What Happens at Night
Guest Post by Carla Sarett
What with election hysterics and the COVID Blues, I was starved for a truly immersive read, and lo, Peter Cameron came to my rescue in What Happens at Night.
I’ve been a fan of Cameron’s elegant writing since, well, forever (if you have not read The City of Your Final Destination or Andorra, by all means, do so). Here, he takes Bowlesian themes (he does quote Jane Bowles, if there’s any doubt) but sprinkles them with kindness. Cameron’s mercifully free from the dour outlook on humanity that I’ve come to expect these days, and it makes this work enchanting in the best sense.

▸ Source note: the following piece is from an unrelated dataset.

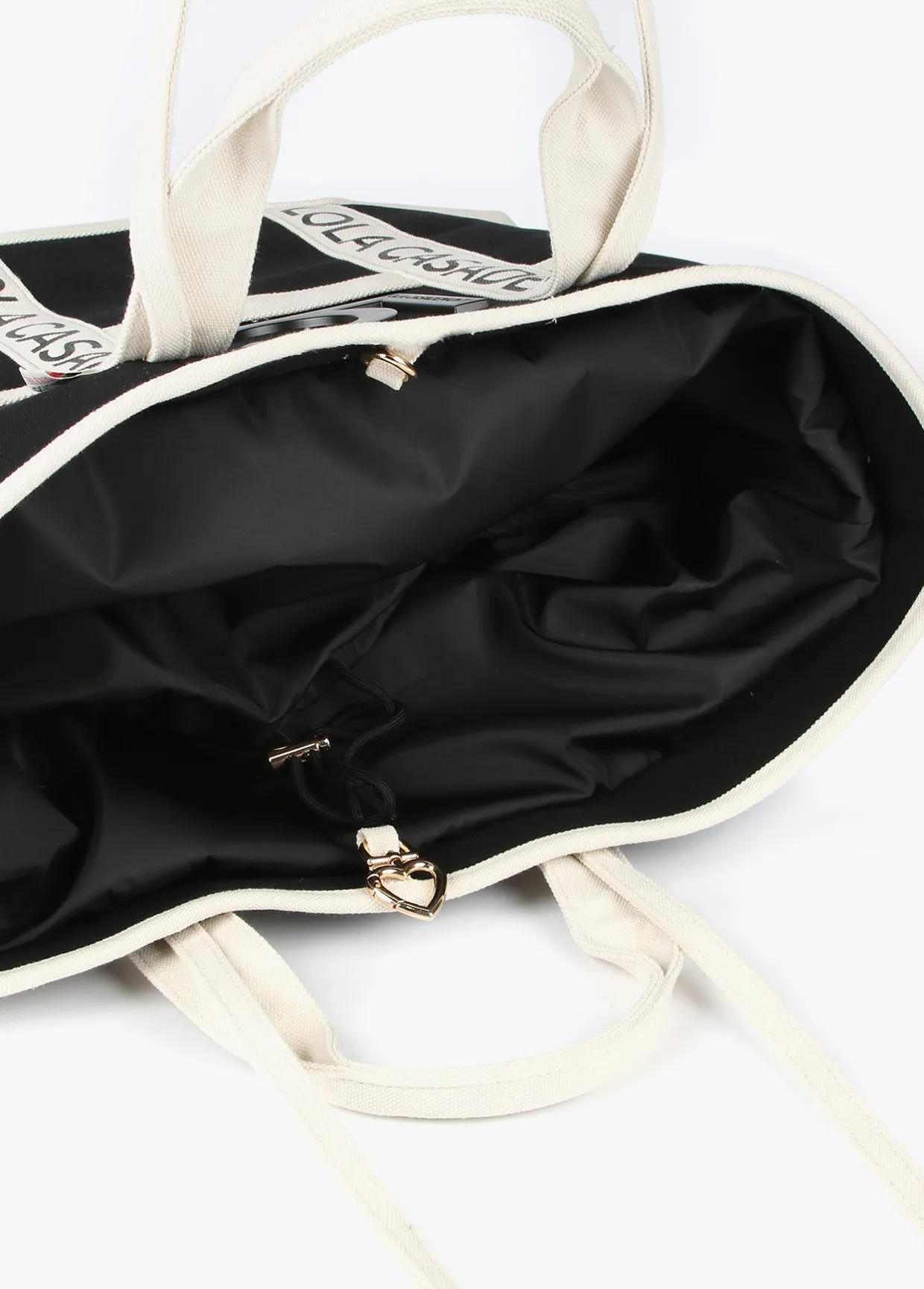 Shopper Canvas con asas logotipadas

A not very happy New York couple wants to adopt a child, and in their quest, ends up in an icy “northern” foreign city, in a comically grand hotel (elaborately, but impractically, appointed). Nothing that happens from that point could possibly be predicted: the couple meets a faith healer, for one thing, and no, he’s not quite a fake. From there, the story by turns becomes surreal and funny and moving. The novel’s atmosphere is dark and cold, but its spirit is one of light, “a warm golden light.”
(I must also mention that the publisher has sprinkled the cover with a barely visible glitter. Perfect.)
What Happens at Night by Peter Cameron. Catapult, August 2020.
Reviewer bio: Carla Sarett’s recent work appears or is forthcoming in Third Wednesday, Prole, Halfway Down the Stairs, and elsewhere. Her novel, A Closet Feminist, will be published in 2022.